Lo cierto es que desde 2003 en adelante, el destino de Bergoglio primero y el de Francisco después fue el de ser para los argentinos, en primer lugar, un actor político partidario más. Nunca lo dejaron ser un mero religioso, ni aún como Papa. Jamás nadie lo acusó con tanta maldad y alevosía como los Kirchner durante una década (el equivalente por izquierda de lo que Milei luego haría por derecha al vituperarlo como el representante del maligno en la tierra, nada más que por pensar ideológicamente distinto a él), pero luego con un estilo político que se podría calificar de garrapata, Cristina, al asumir Bergoglio como Papa, ordenó callar a Verbitsky e intentó apropiarse, servirse, del religioso.
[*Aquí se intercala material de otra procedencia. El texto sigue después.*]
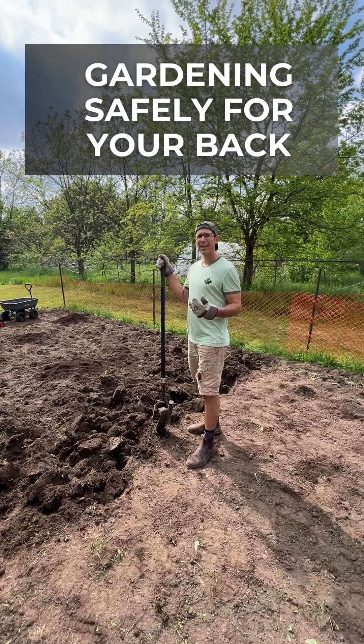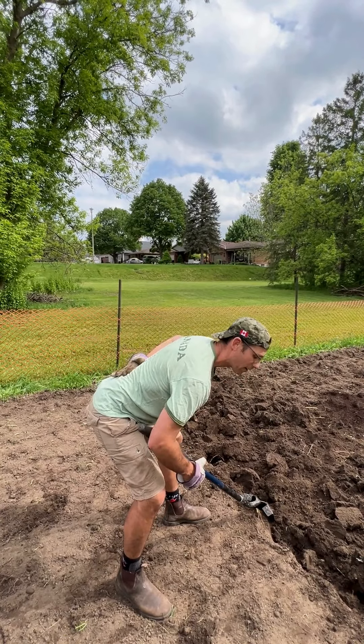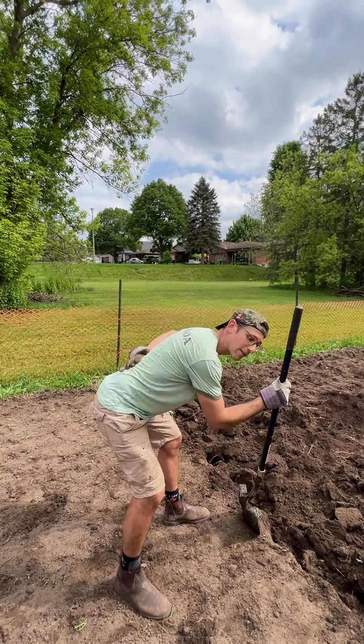It's fine to have your back forward if you're not rounding your back. You've got your butt sticking out like this. My back is still actually straight — I'm just bending from here.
Entonces, a partir de allí, los sectores anti K que antes lo defendían a ultranza, comenzaron a verlo como un peronista, como un kirchnerista más. Hay ejemplos, es cierto, que indican una simpatía del Papa mayor hacia ideas similares a las peronistas que hacia las liberales. Pero es necesario reconocer que él siempre pensó así, aunque no siempre debió -ni le interesó- demostrarlo cuando nadie lo ponía entre la espada y la pared. Él, durante su juventud, tuvo una relación intensa con una vertiente cuasi religiosa del peronismo setentista, la mítica "Guardia de Hierro" cuya consigna era “sonríe Perón te ama”. Se creían los apóstoles de Perón, sus soldados o “sacerdotes” contra la infiltración marxista y la represión derechista que estaban dentro del último gobierno del General. Y esa simpatía juvenil de Bergoglio la mantuvo durante toda su vida, representada al menos en políticos de esa tendencia que nunca dejaron de ser amigos suyos, como Julio Bárbaro, o los Grabois, padre e hijo. O sea, sin haber sido nunca peronista, Bergoglio jamás dejó de lado esa simpatía un tanto mística, religiosa por las vertientes más sociales del peronismo. Y eso, cuando se hizo explícito por la visibilidad mayor que le dio el Papado por sobre el arzobispado, generó que lo condenaran desde el antiperonismo, de un modo exactamente igual a como lo condenaron los kirchneristas antes.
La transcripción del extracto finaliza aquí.